11/03/2016 07h:07 CET | Actualisé 11/03/2016 07h:07 CET

Quand la Banque africaine de développement finance des projets marocains

FINANCEMENTS – C’est un appui de taille dont la société Nador West Med a grandement besoin. La Banque africaine de développement (BAD) vient en effet d’injecter 112.86 millions d’euros au futur port marocain de transbordement pétrolier, selon un communiqué de la BAD. Il sera érigé à une trentaine de kilomètres à l’ouest de la ville de Nador, et devrait s’illustrer comme le plus grand port d’Afrique.

Le ministère de l’Economie et la BAD ont procédé, mercredi 9 mars à Rabat, à la signature d’un accord de prêt. Il participera au financement de la construction des infrastructures, à l’issue de laquelle devrait émerger la première phase du complexe portuaire.

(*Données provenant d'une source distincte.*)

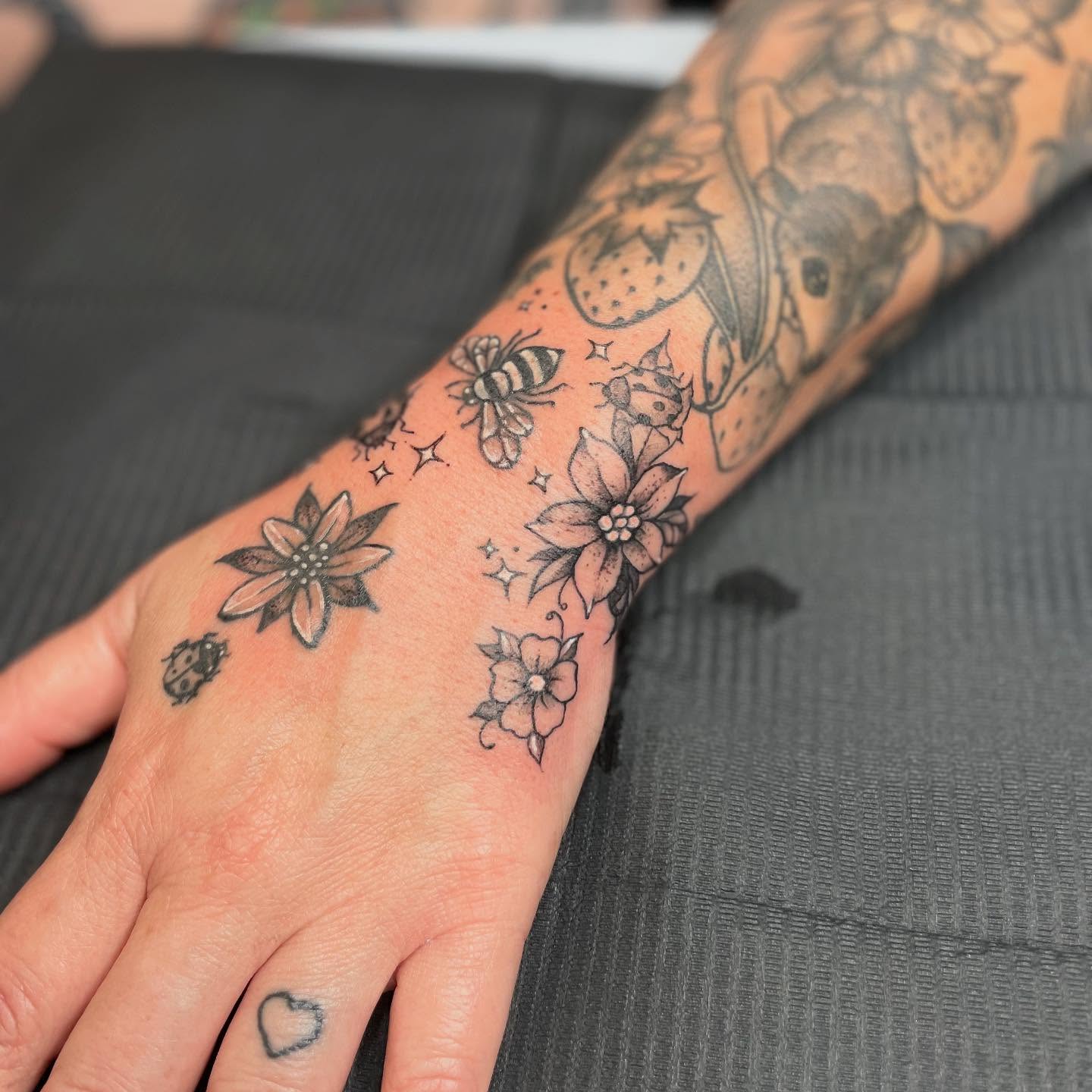 Tattoo by @jean13.tattoo — black_and_grey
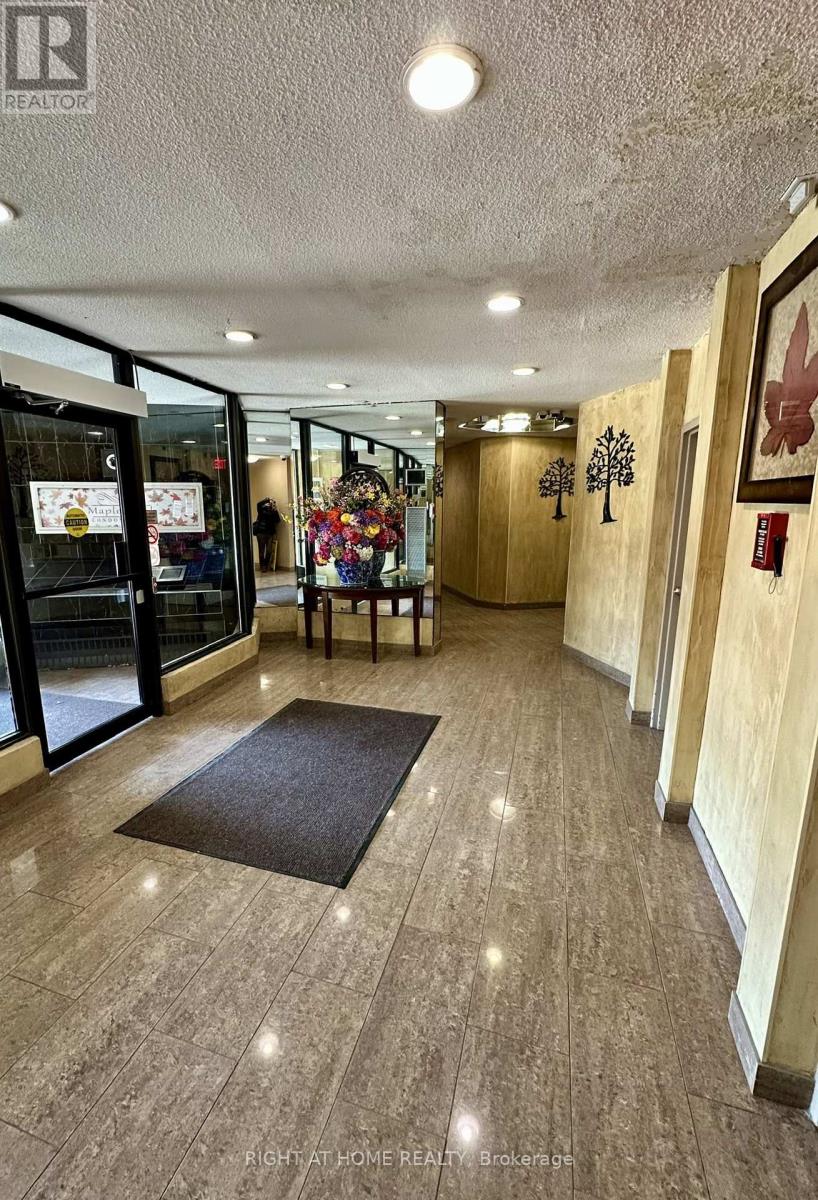 #1806 10 MARTHA EATON WAY S - 20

Ce dernier s’étalera sur une zone franche de 1.500 hectares environ, couplée à une zone extra-portuaire de 2.500 hectares. A terme, le projet doit progressivement voir le jour à l’horizon 2021.

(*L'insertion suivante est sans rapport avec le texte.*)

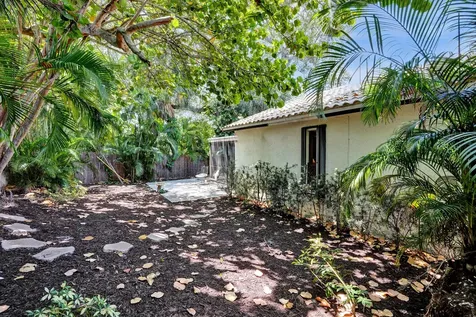 894 Camino Gardens Lane Boca Raton FL 33432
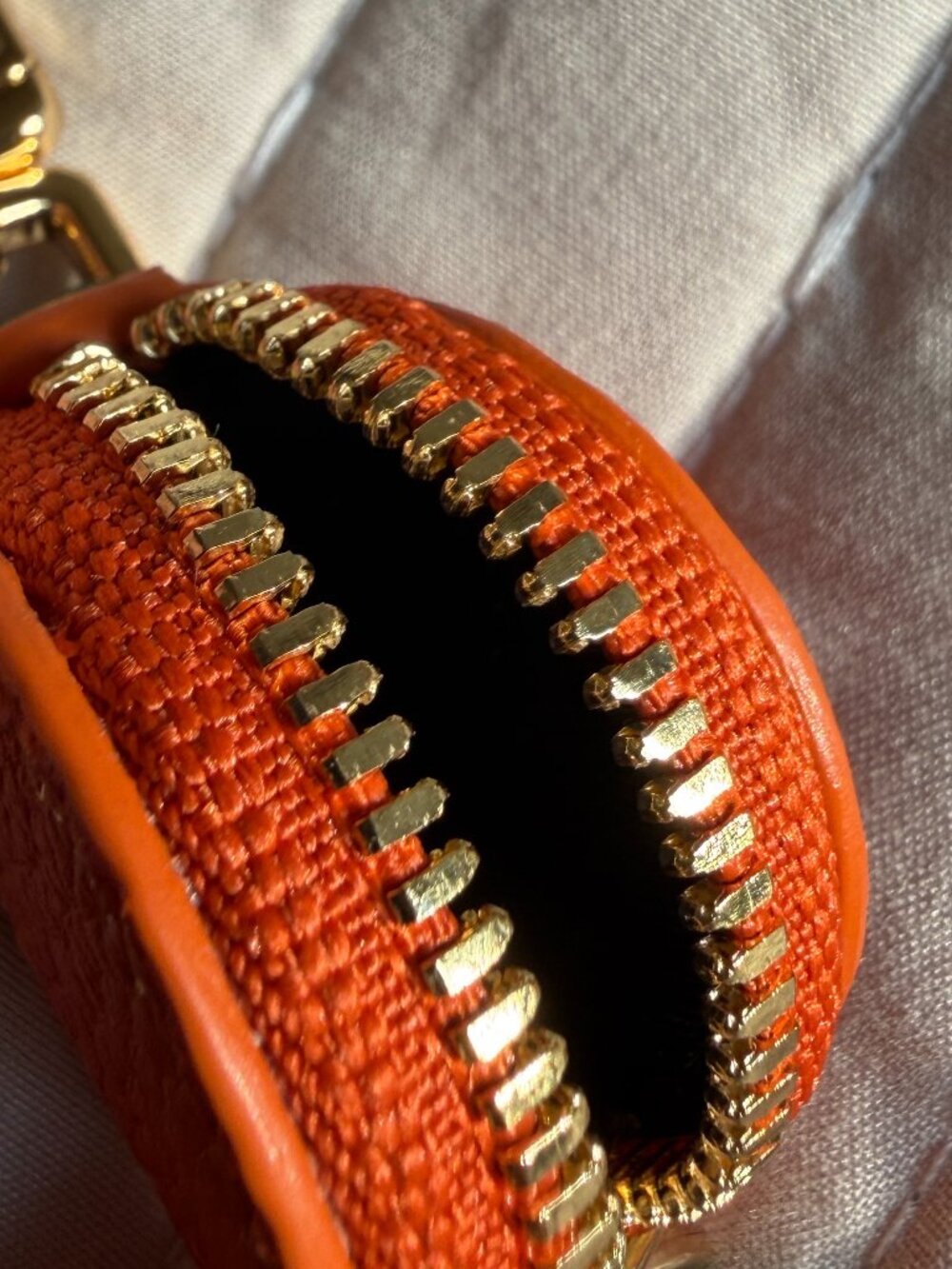 MAISON De SABRÉ ™ Fruit Charm Special Edition AirTag Charm in ORANGE - Picture 4 of 4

3 milliards de dollars pour le complexe Noor

Le 4 février dernier, le roi Mohammed VI inaugurait la centrale solaire Noor I, premier volet de ce qui sera la plus grande centrale solaire thermodynamique du monde.

L’Agence marocaine pour l’énergie solaire (AMES), dédiée à la réalisation des ambitions nationales en la matière, a réussi à sécuriser les 3 milliards de dollars nécessaires pour la construction de ce complexe grâce à la BAD.

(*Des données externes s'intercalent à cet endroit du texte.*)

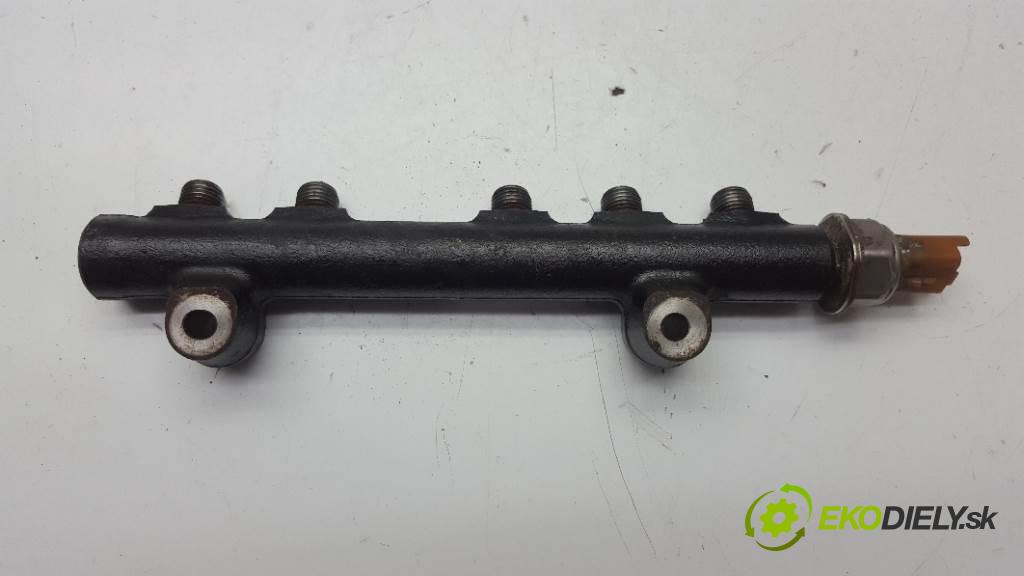 FORD FOCUS MK3 2016 70kW MK3 1499 Lišta vstrekovacia 9804776700/9676643880 (Vstrekovacie lišty)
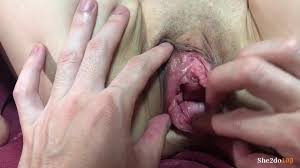 個人撮影】潮吹きグロまんで遊んでフィストファックをぶち込む主観映像を楽しむエロ動画【素人】 - FAPCAT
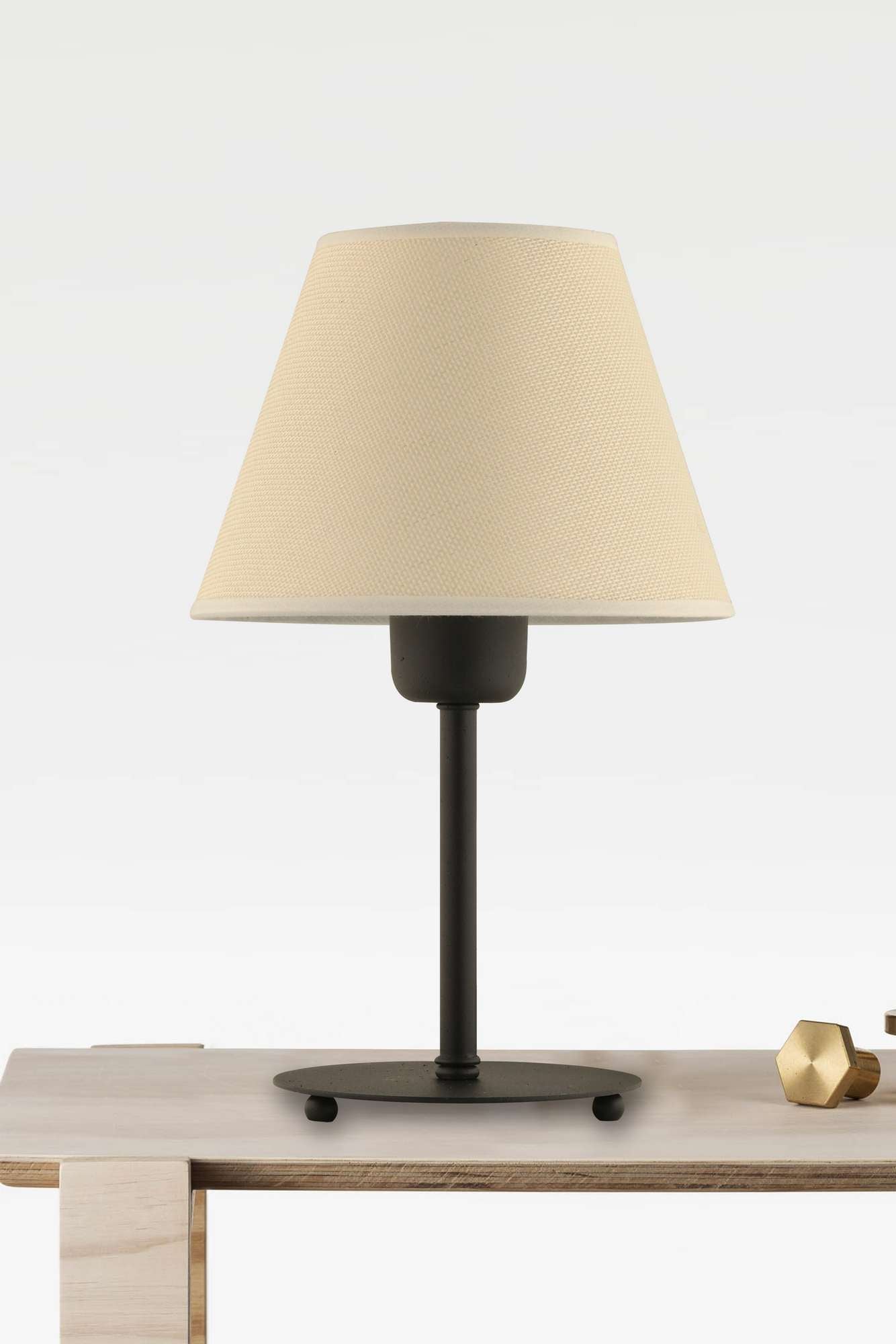 Candeeiro de mesa-64903-Creme
Preto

Un projet qui s’inscrit dans la mise en œuvre du ''New deal pour l’énergie en Afrique''. Un partenariat initié par le président de l'institution bancaire africaine, le Nigérian Akinwumi Adesina, pour ''permettre à tous les Africains de disposer d’un accès universel à l’électricité'' d’ici 2025.

112.5 millions de dollars pour la compétitivité de l’économie marocaine.

Le 8 juillet 2015, le Conseil d’administration de la BAD a approuvé à Abidjan un prêt de 112.5 millions de dollars afin de soutenir le programme d’appui à la compétitivité de l’économie marocaine (PACEM).

Le Maroc amorce (…) un tournant important dans le processus de transformation de son économie. Le programme viendra soutenir des réformes visant à améliorer l’efficacité de l’investissement public et privé, afin de maximiser son effet sur la croissance, la transformation de l’économie et la création d’emplois, indiquait la BAD dans un communiqué.

Le PACEM aidera notamment à ''amoindrir les contraintes qui freinent l’investissement au Maroc, telles qu’identifiées dans le Diagnostic de croissance, une étude menée conjointement par la Banque et le gouvernement marocain publiée début 2015''.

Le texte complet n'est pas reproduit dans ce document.